En la semana más caliente de los últimos 125 mil años, un subproducto innegable de la combustión de los hidrocarburos, la Argentina fósil levanta su puño y dice más que nunca: ¡presente! Y con emoción, inaugura un caño, acompañado por un operativo apabullante de comunicación que nos ametralla con una noción a contranatura: que los gases que transporta el ducto son los mismos que nos hacen hervir el orgullo por pertenecer a esta geografía, donde llegará -por fin- un desarrollo irreductible.
Es una batalla discursiva totalmente desigual, lo que no convierte automáticamente a la narrativa oficial en algo cierto. Como todo relato teleológico, omite las contradicciones y lo negativo, mientras que para poder legitimarse se apropia de los valores que laten en el corazón de las personas que no tienen ningún poder de decisión.
Uno de esos, es el valor de la soberanía. Este es un término que presupone libertad e independencia, nada de lo cual sucede con los hidrocarburos, que son productos comoditizados, cuyo precio está determinado por fuerzas enormes, en las que la Argentina no corta ni pincha. Arabia Saudita, incluso, se llevó un chasco en esta materia, a pesar de ser la gran potencia mundial de la industria.
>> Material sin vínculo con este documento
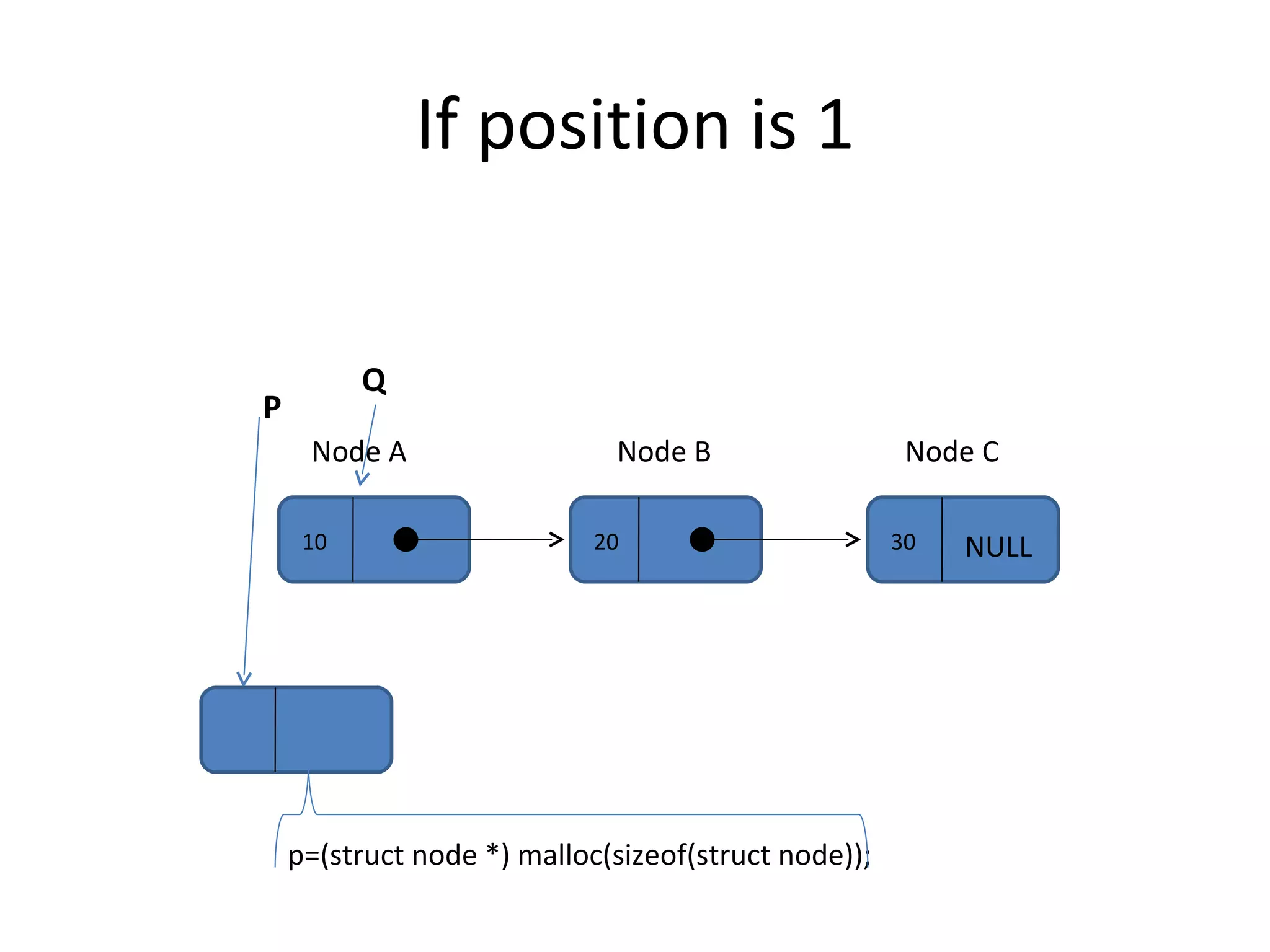 If position is 1 10 20 30 Node A Node B Node C NULL Q P p=(struct node *) malloc(sizeof(struct node)); 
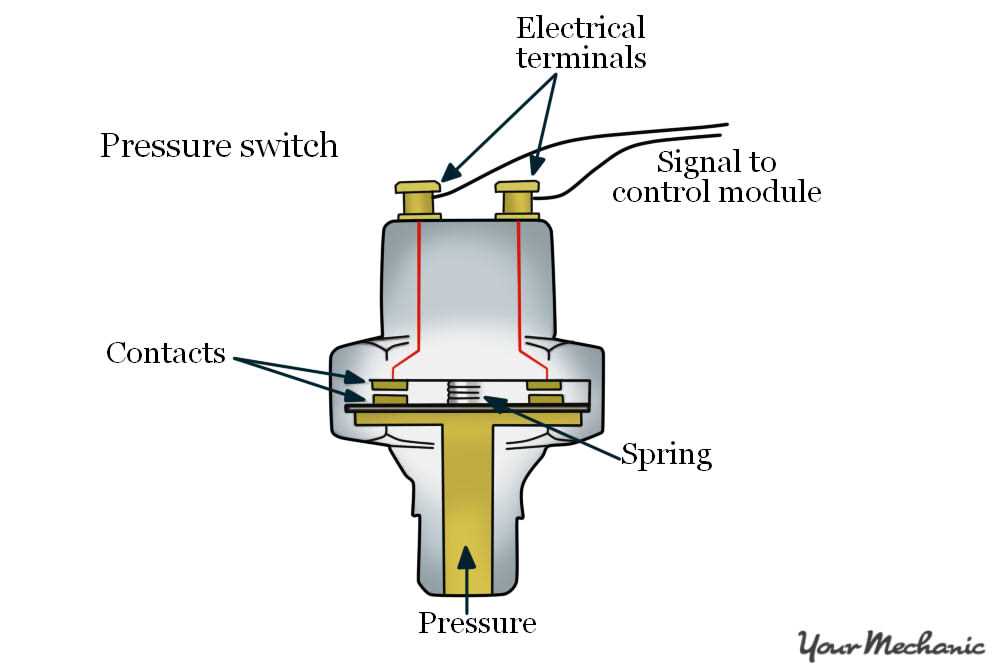 2 wire oil pressure sensor wiring diagram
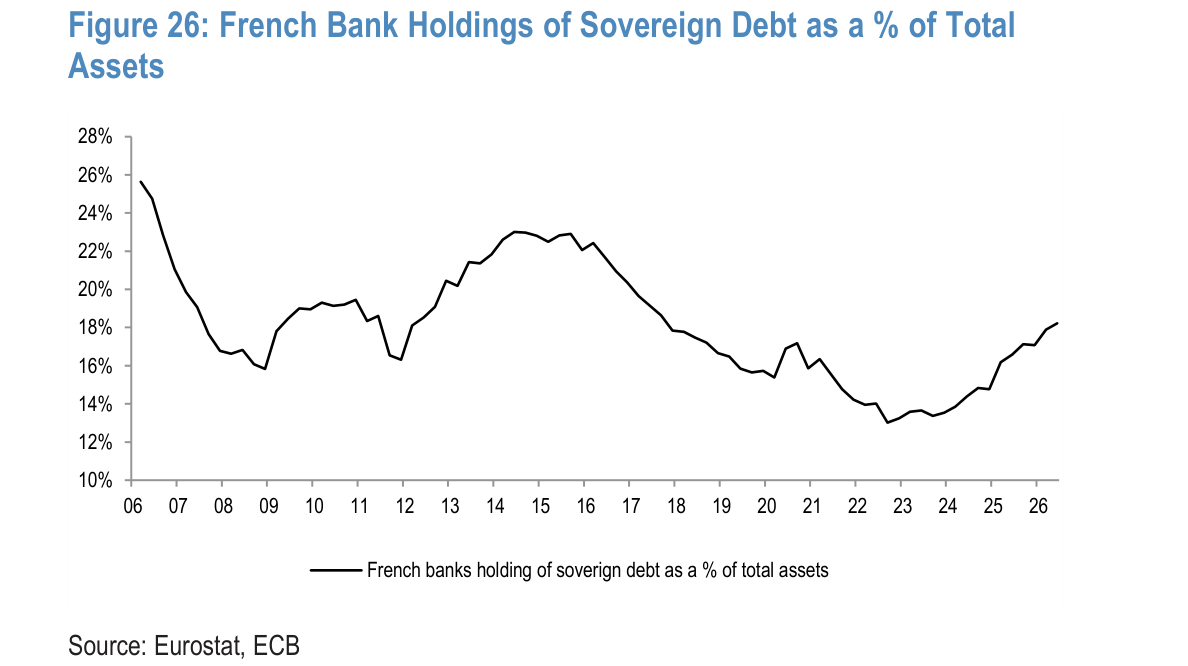 French Bank Holdings of Sovereign Debt as a % of Total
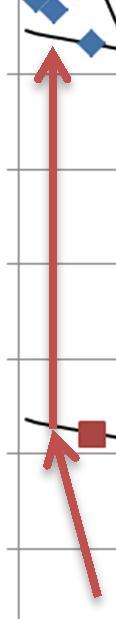 13 m moduuliluku [-] β jännityseksponentti [-] σ jännitys [kpa] σ v vertailujännitys 100 kpa C vakio [-] HUT-menetelmässä etsitään muodonmuutoksella suhteutetun pienimmän neliösumman menetelmällä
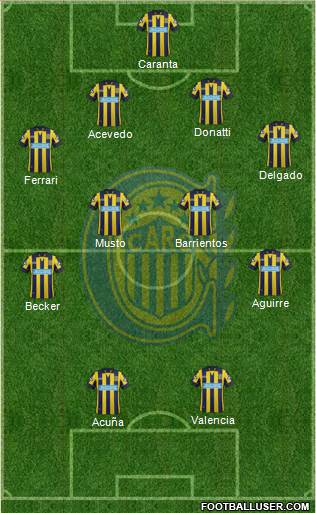 Rosario Central Formation 2014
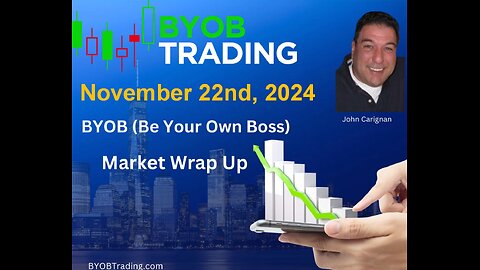 November 22nd, 2024 BYOB Market Wrap Up. For educational purposes only.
La semana pasada, cortó la producción en un millón de barriles diarios para hacer subir los precios, pero el mercado ni se inmutó, dejando seguramente desconcertado al Príncipe Mohammed Bin Salmán.
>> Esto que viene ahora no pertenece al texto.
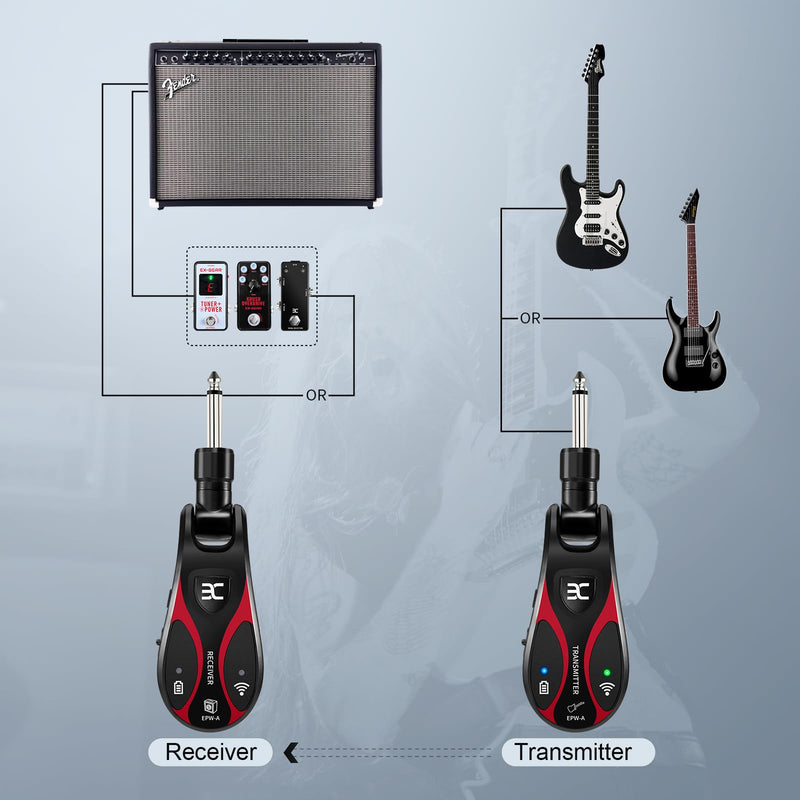 Professional Wireless Guitar System, 20 Channels, <1.5ms Ultra-Low Latency, 164ft Range, 270° Rotating Plug, Rechargeable Guitar Transmitter & Receiver for Guitar Bass Electric Instrument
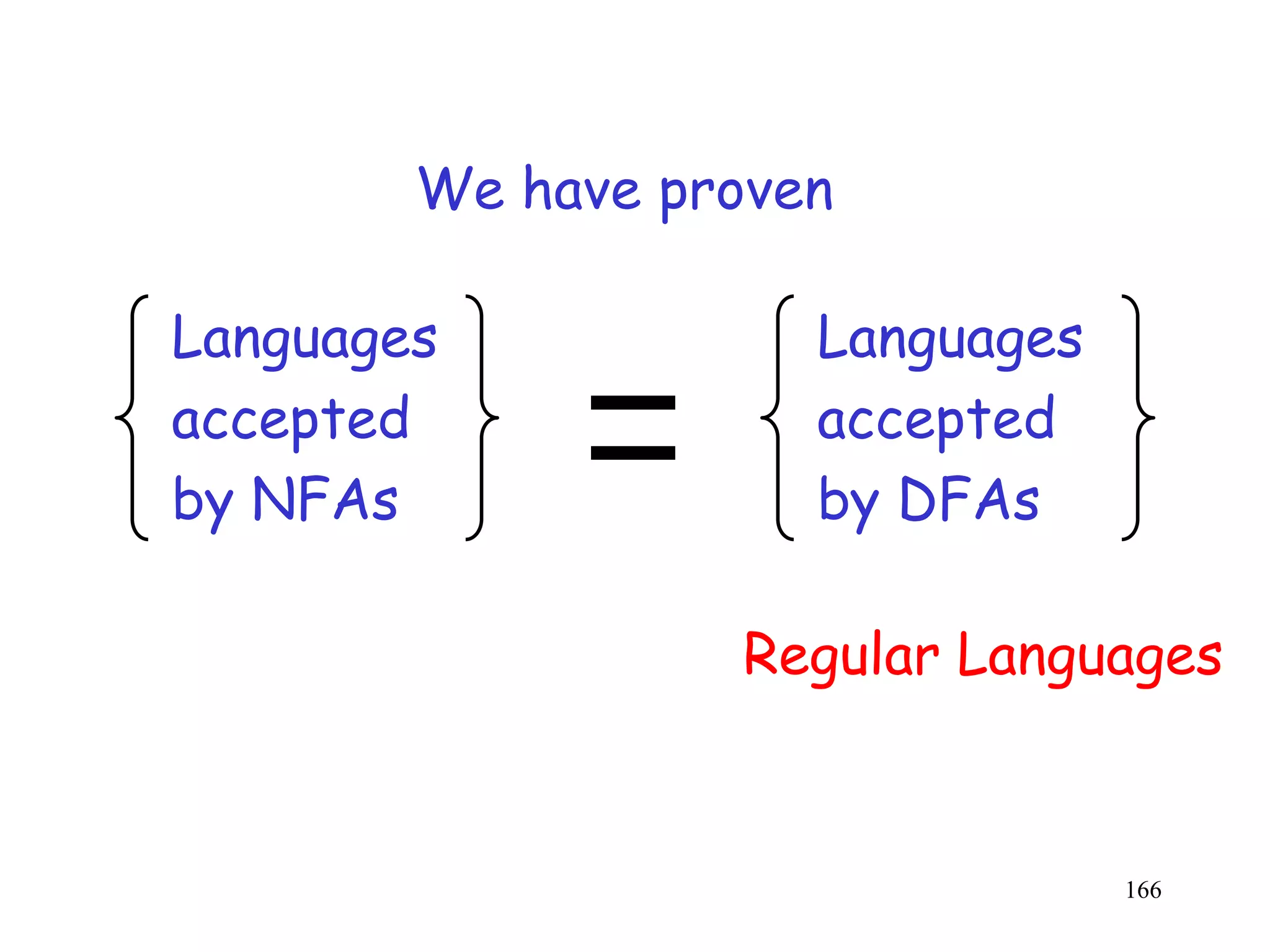 We have proven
Así que la Argentina soberana necesita que las condiciones globales sean permanentemente las más desastrozas posibles para que el precio se mantenga alto y justifique una infraestructura que le permita ganar exportando antes de que la matriz mundial cambie para siempre a otro tipo de generación o la forma de transporte. No hay, no pueden existir, los precios soberanos. El costo de profundizar la fosilización se paga en algún lado, ya sea por el usuario o vía déficit fiscal. Elijan.
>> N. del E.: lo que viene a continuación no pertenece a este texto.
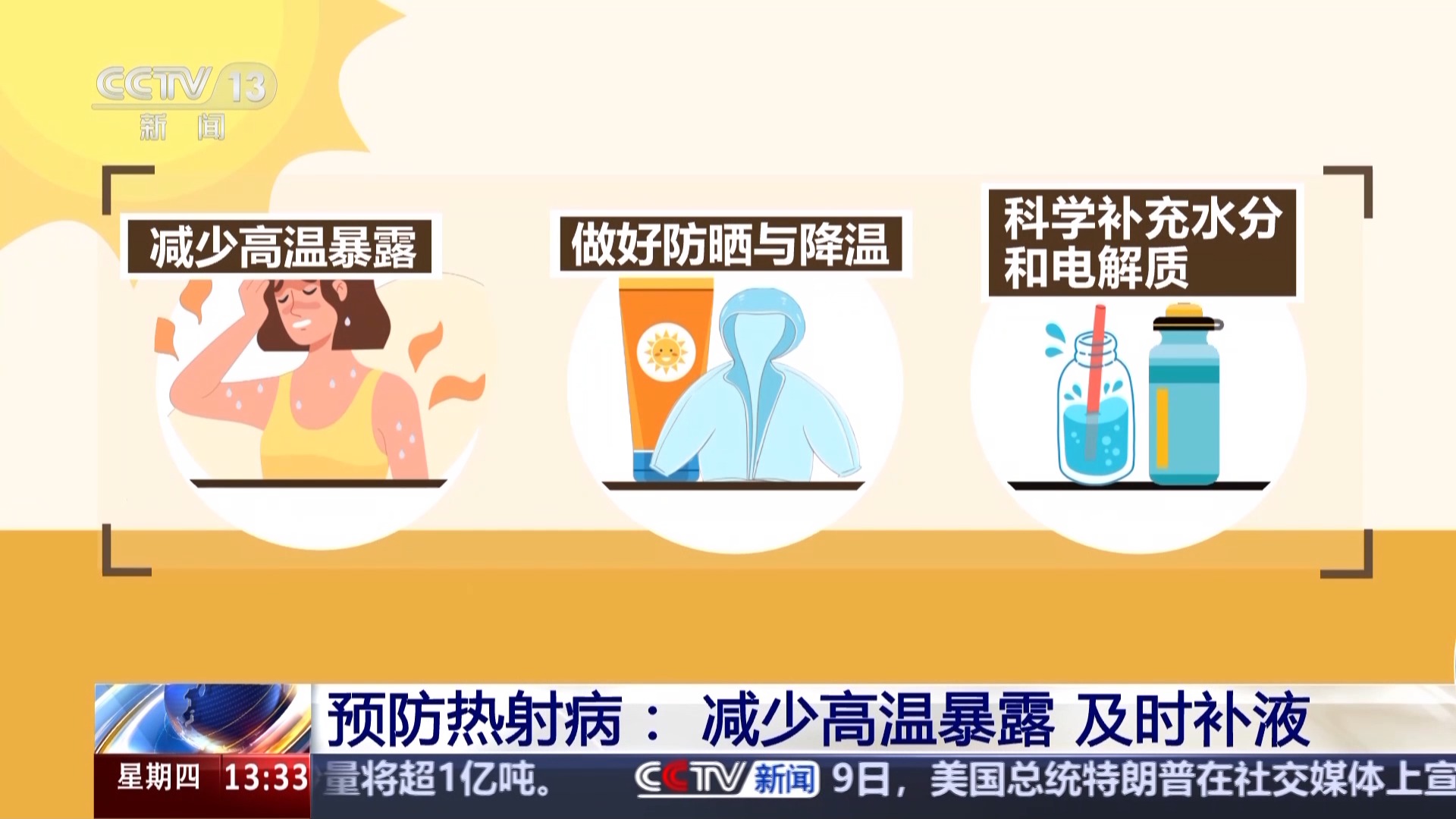 死亡率高！热射病不仅易发生在暴晒下 这一环境也要当心插图4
En estos días, la cartelería pública está inundada con afiches de YPF con la palabra soberanía. Con un fondo de uno de esos atardeceres de cielo ancho de la Patagonia, se yergue una torre de perforación, que está prohibida en tantos países. La imagen busca establecer un lazo emocional con Vaca Muerta, sobre cuya existencia los argentinos tienen una enorme confusión. La imagen, sin embargo, es incompleta. No muestra cómo las espesas nubes negras cruzan ese mismo cielo desde los distintos yacimientos, dejando una estela de mugre inexcusable de kilómetros, que manchan los atardeceres mágicos que se ven desde la barda de Añelo, que a esa hora del día se pone colorada.
Una foto desde un drone tampoco puede mostrar la dimensión espectral de Vaca Muerta, que es la que contiene al verdadero genio maligno. Para verla, se necesita de una cámara termográfica que se llama FLIR. Este es un pequeño instrumento científico que vuelve visible lo que no se puede detectar con el ojo humano: el metano, un potente gas de efecto invernadero, así como una lista de 19 compuestos orgánicos volátiles, como el propano, el tolueno, el benceno, etc. La mayoría de estos provoca mutaciones celulares incontrolables, lo que expone a riesgo de vida no sólo a los pobladores locales sino también a los trabajadores de las propias compañías de hidrocarburos, que trabajan sin protección para respirar.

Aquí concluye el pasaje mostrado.